Level 1 · Lesson 4 of 4 · Foundations
Banker vs Player vs Tie: The Only Decision That Matters
What the three bets actually pay
| Bet | Payout if you win | House edge |
|---|---|---|
| Banker | 19 to 20 (1 to 1, less 5% commission) | 1.06% |
| Player | 1 to 1 (even money) | 1.24% |
| Tie | 8 to 1 | 14.36% |
The Banker payout is the most confusing of the three for new players. You bet $100, you win, you get $95 back as profit. The other $5 goes to the house as commission. The reason the casino does it this way, rather than simply paying out a lower amount on the win, is accounting: it preserves the visible "even money" feel of the table while extracting a known house margin.
Some tables run no commission baccarat, also called Super 6, where Banker wins pay full even money except when Banker wins with a total of 6, in which case the payout drops to 1 to 2 (you get $50 profit on your $100 bet, not $100). The house edge on no commission Banker is 1.46%, which is worse than the standard 1.06% on commission Banker. Avoid Super 6 tables unless you're explicitly forced into one.

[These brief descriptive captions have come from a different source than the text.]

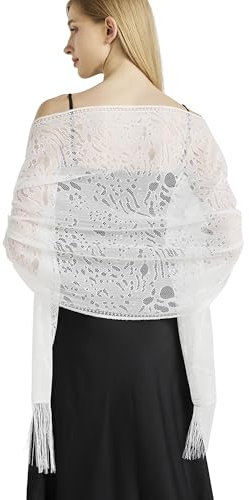 Weißer Spitze Schal für Frauen Dressy-Sommer Abend Wraps Und Schals formale Bridal Schal für Hochzeit (DE-Stil 2-Weiß)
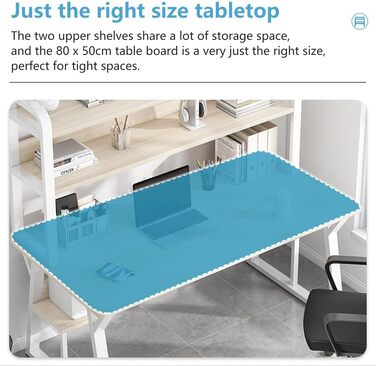 Комп'ютерний стіл 80 x 50 см з полицями, білий та світло-бежевий для дому та офісу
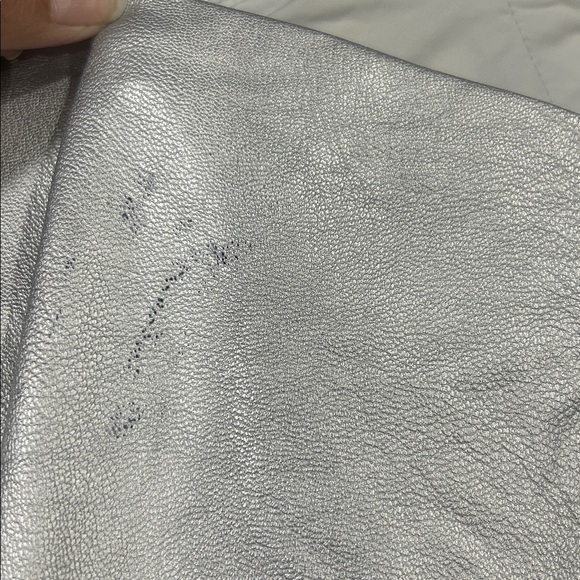 NEW Naked Wardrobe Faux Leather Skirt Silver Metallic V-Waist - Picture 7 of 7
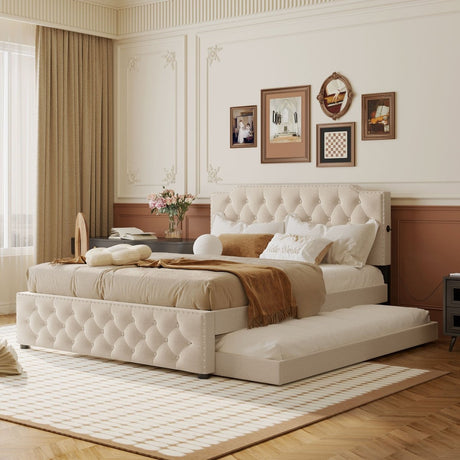 Upholstered Linen Platform Bed With Twin Trundle And USB Ports - Veluna - Sleep Galleria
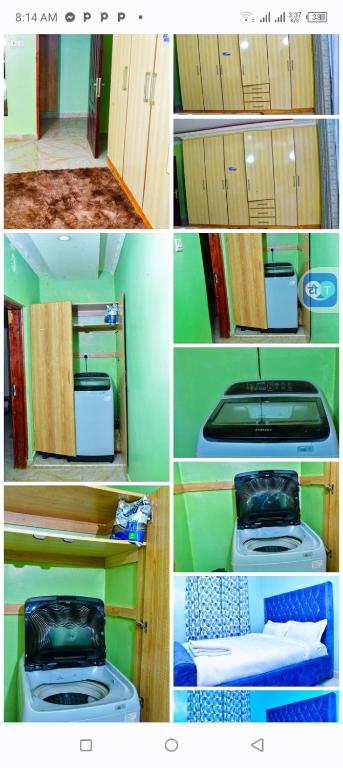 four pictures of a bathroom with a toilet and a cabinet at homestay in Eldoret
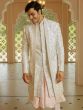 White Anarkali Style Mens Floral Embroidered Double Layered Sherwani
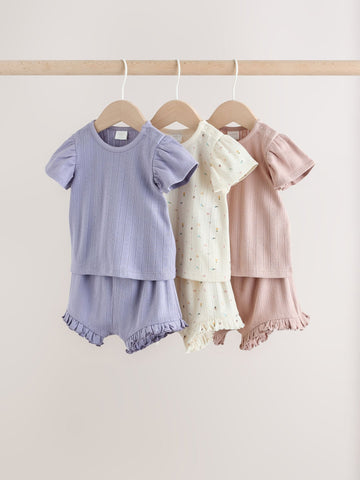 Purple Floral Short Sleeve Top and Shorts Baby Set 6 Piece (0mths-2yrs)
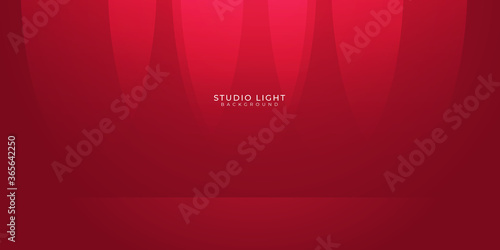 Empty red studio room, used as background for display your products. Red studio background. Empty vivid red color studio room, modern interior wall. Advertisement banner, scarlet velvet website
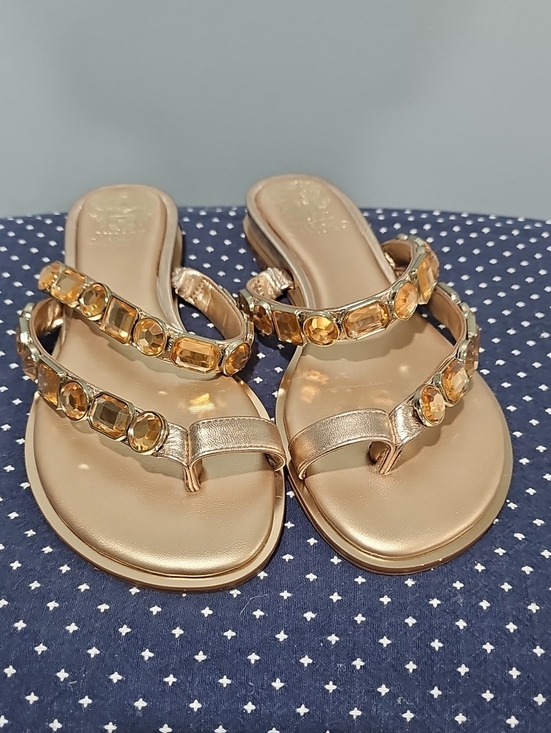 Vince Camuto Shoes - Vince Camuto Metallic Gold Jeweled Double-Strap Slide Sandals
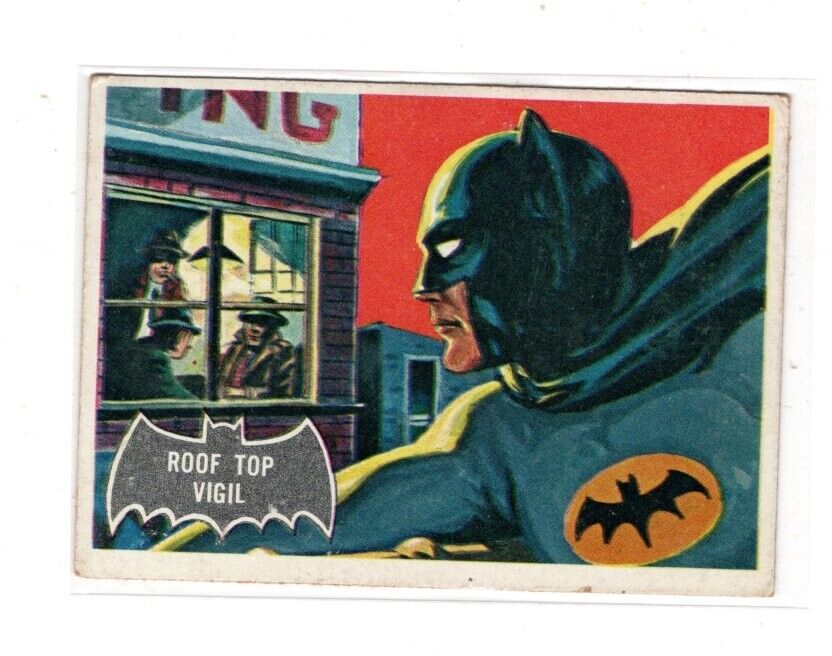 1966 Topps Batman Black Bat #5 Roof Top Vigil G-VG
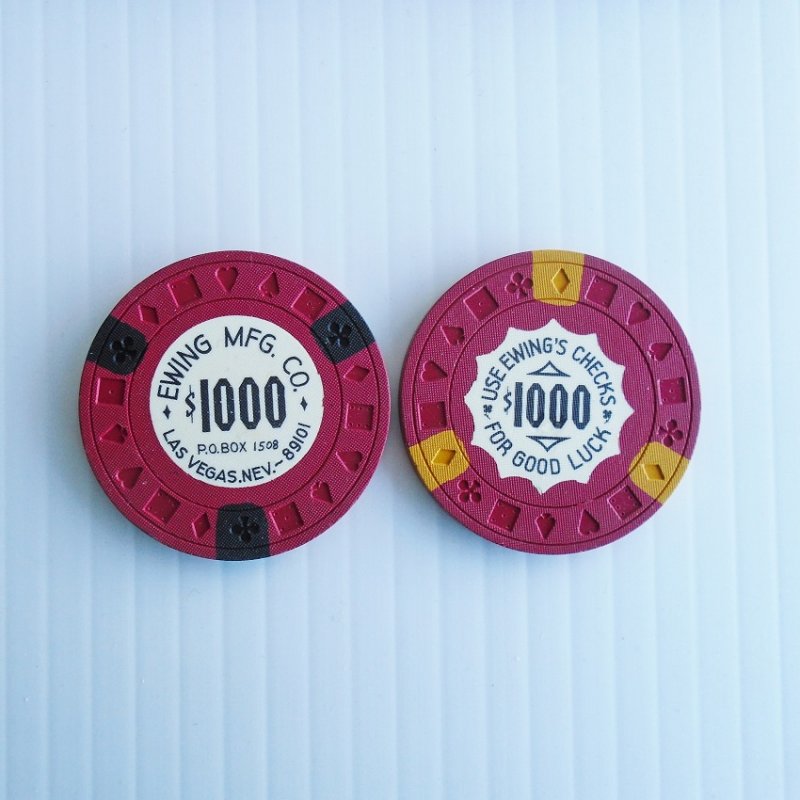 Poker chips, quantity of 15. Each marked at $1000 Ewing Mfg. Co. Las Vegas Nevada. Unknown age. Estate find. 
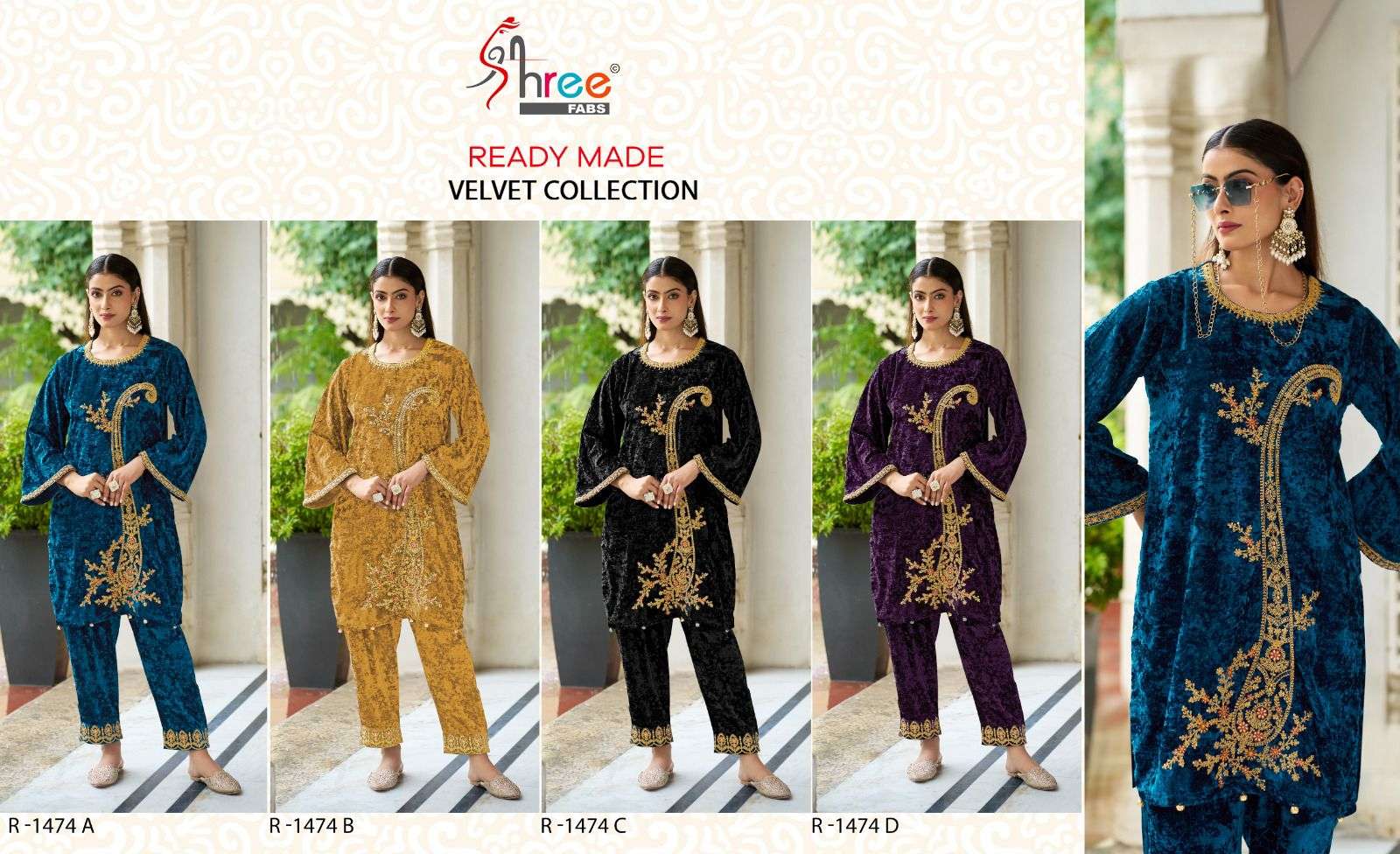 SHREE FABS R 1474 VELVET EMBROIDERY DESIGNER KURTI WITH BOTTOM SET 
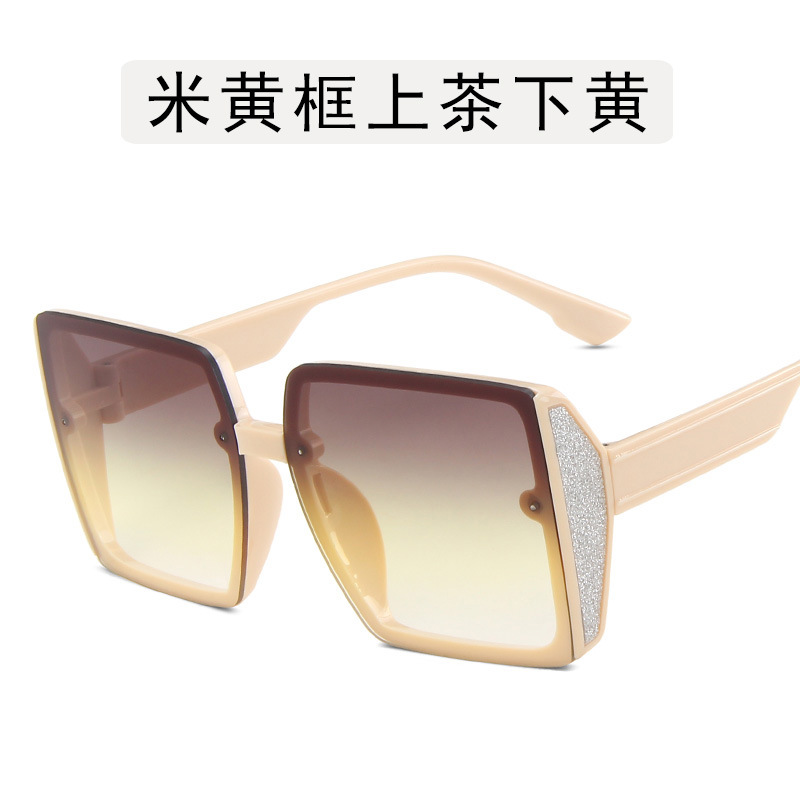 Korean Style Fashionable Sunglasses Ins Trendy Beach Vacation Sunshade Sunglasses New Large Frame Personalized Sunglasses Women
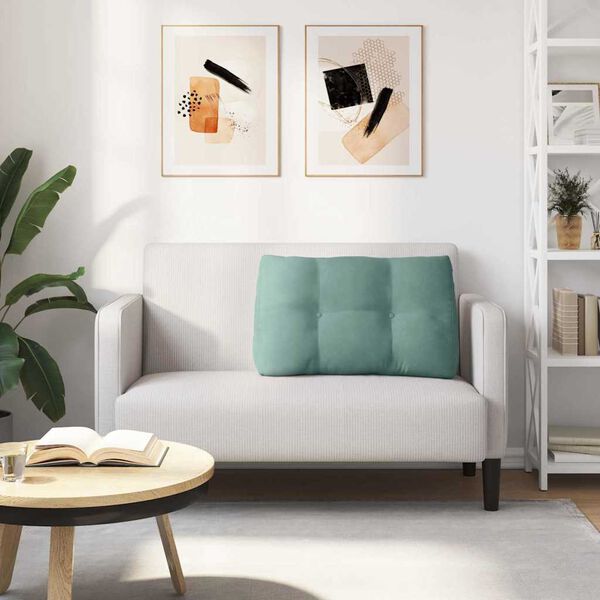 vidaXL R&uuml;ckenkissen Meergr&uuml;n 80 x 24 x 50 cm Samt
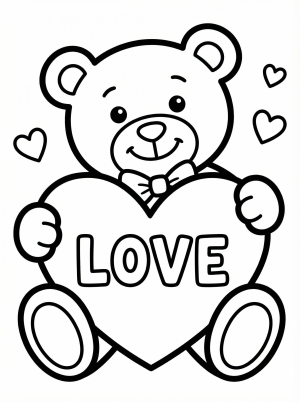 A charming cartoon teddy bear with a big smile lovingly embraces a large, blank valentine heart, ready for coloring. Perfect for holiday creativity.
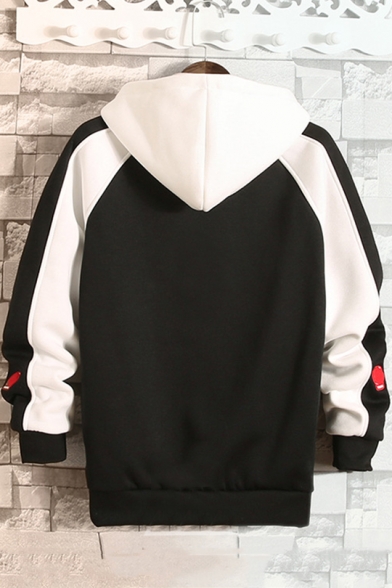 Simple Letter GET UP EARLY Patched Fashion Color Block Mens Loose Fit Hoodie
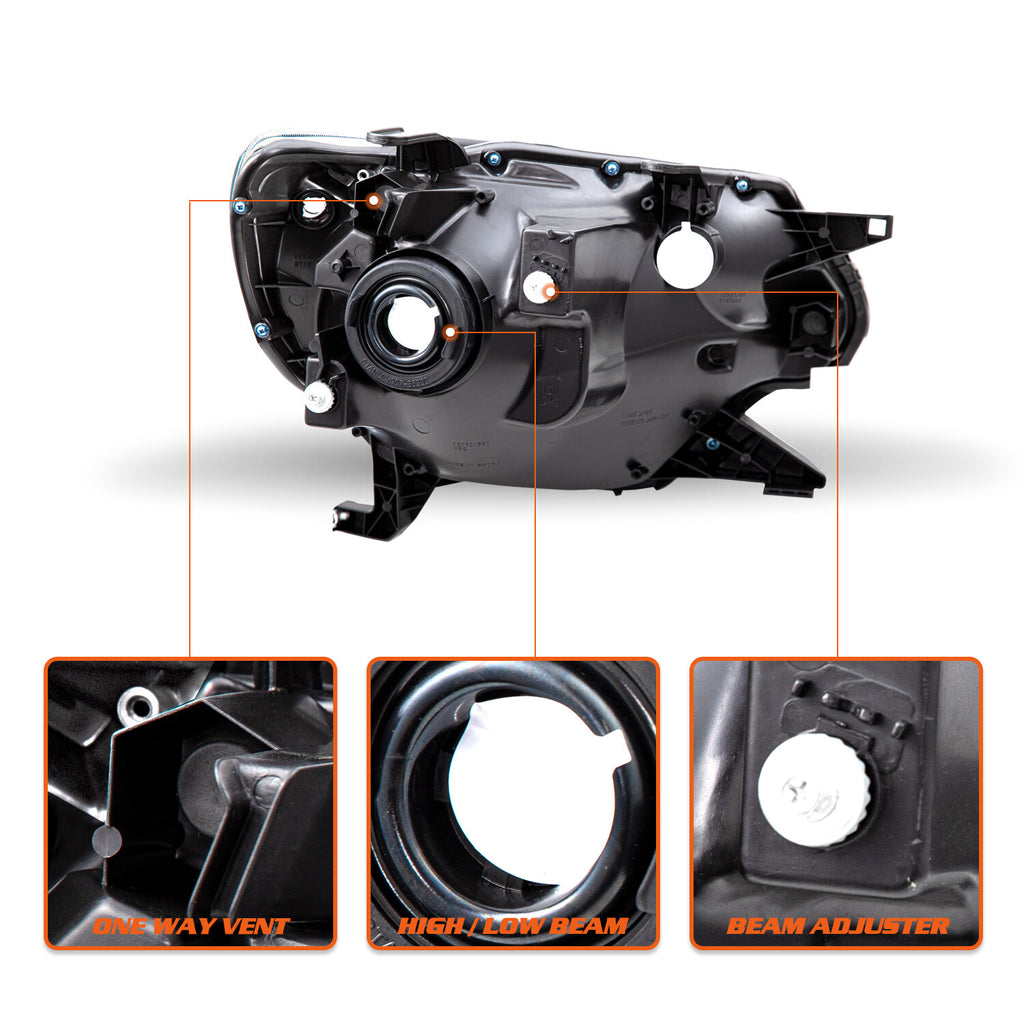 For 2012-2015 Toyota Tacoma Pickup Black Headlights Clear Corner Headlamps Pair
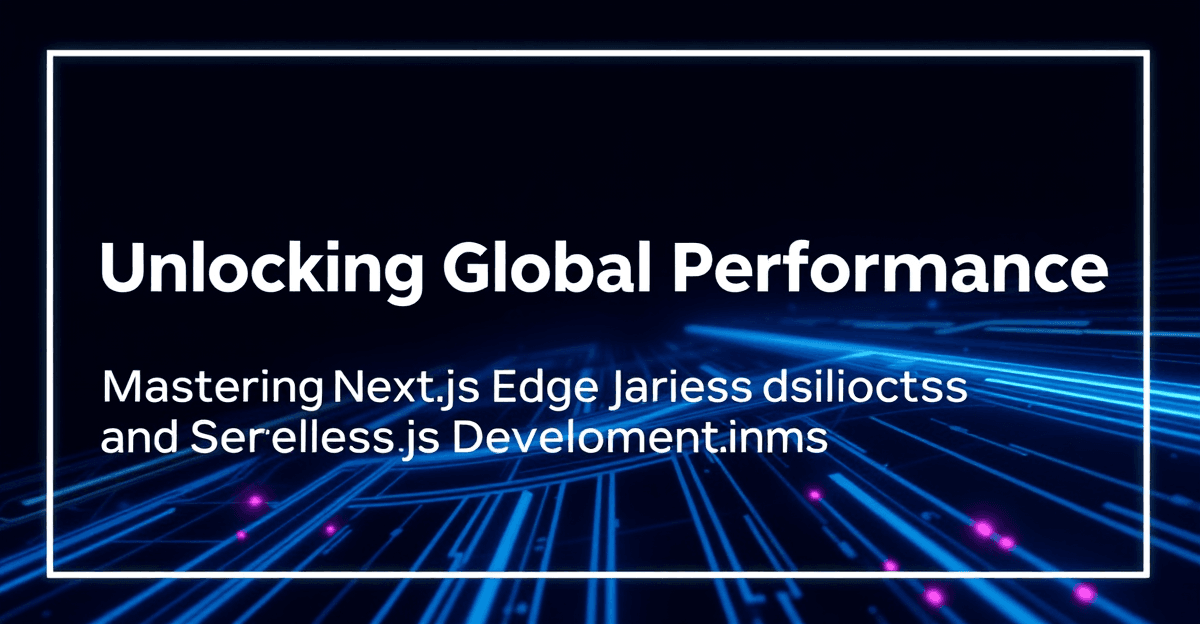 Unlocking Global Performance: Mastering Next.js Edge Functions and Serverless Deployment
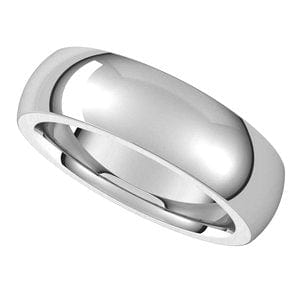 Sterling Silver 6 mm Heavyweight Comfort-Fit Half Round Band Size 10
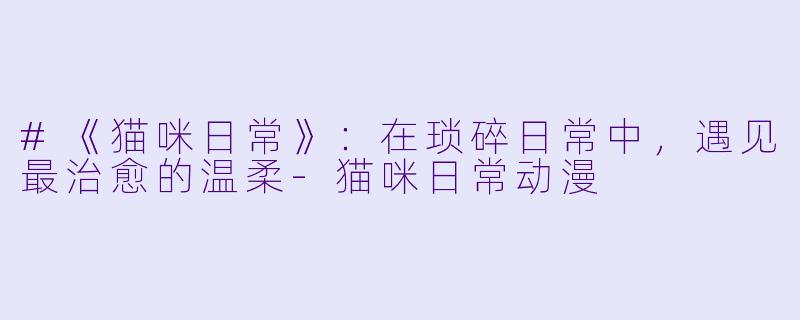 #《猫咪日常》：在琐碎日常中，遇见最治愈的温柔-猫咪日常动漫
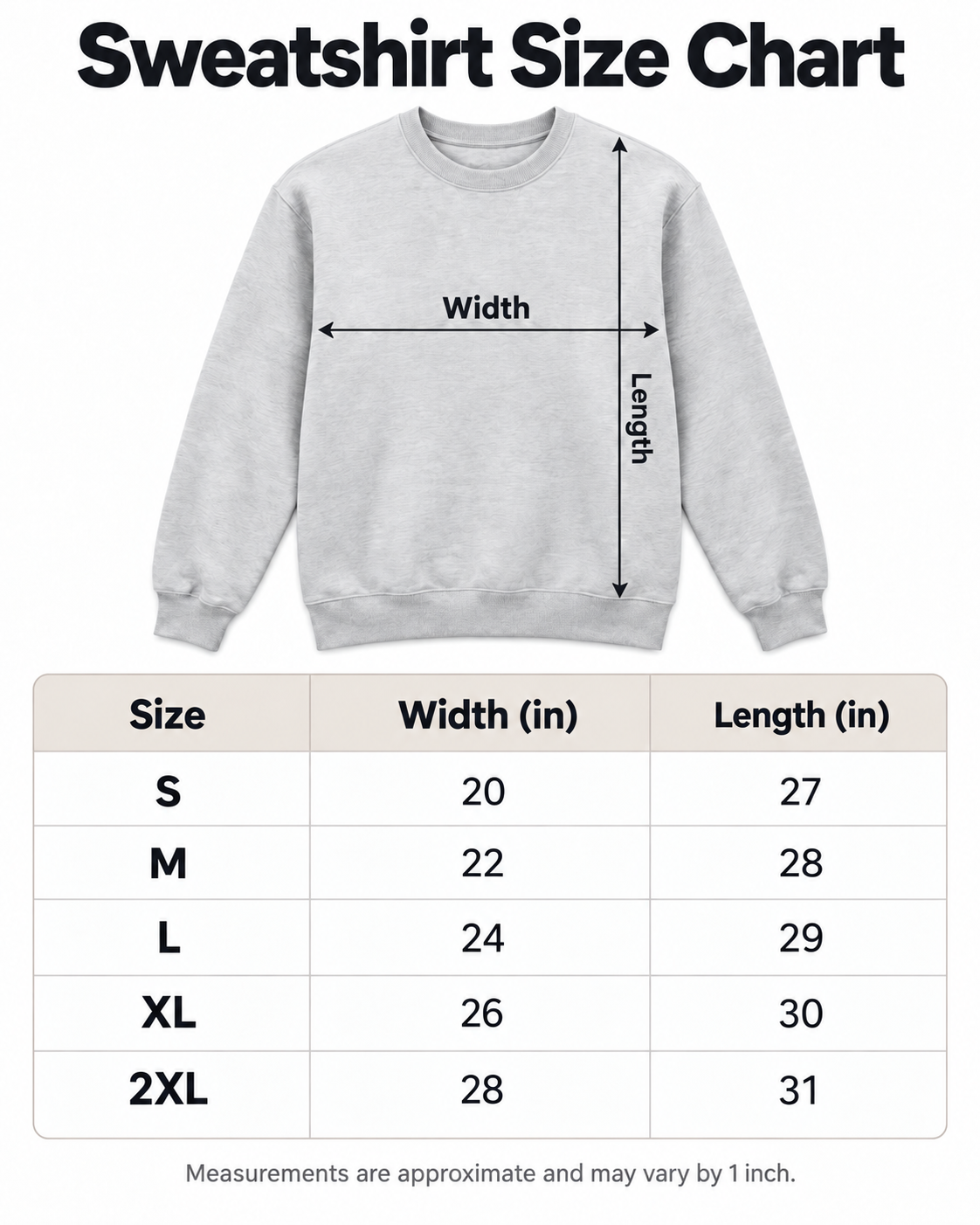 Sweatshirt size chart with width and length measurements, sizes S through 2XL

Why Banker wins more often
Banker wins about 45.86% of hands. Player wins 44.62%. The remaining 9.52% are ties.
The reason is structural. Banker acts second under the third-card tableau, and the tableau is built to give Banker slightly better information. When Player draws a third card, Banker's decision is informed by what that card was. This isn't a coincidence. It's how the rules were designed in the late 1950s, and unchanged since. The 5% commission exists precisely to absorb this advantage. Without the commission, Banker would carry a roughly 1.24% edge in favour of the player. With the commission, the house has 1.06% on Banker and 1.24% on Player. The commission converts most of Banker's structural advantage into casino margin, while still leaving Banker as marginally the best of the two main bets.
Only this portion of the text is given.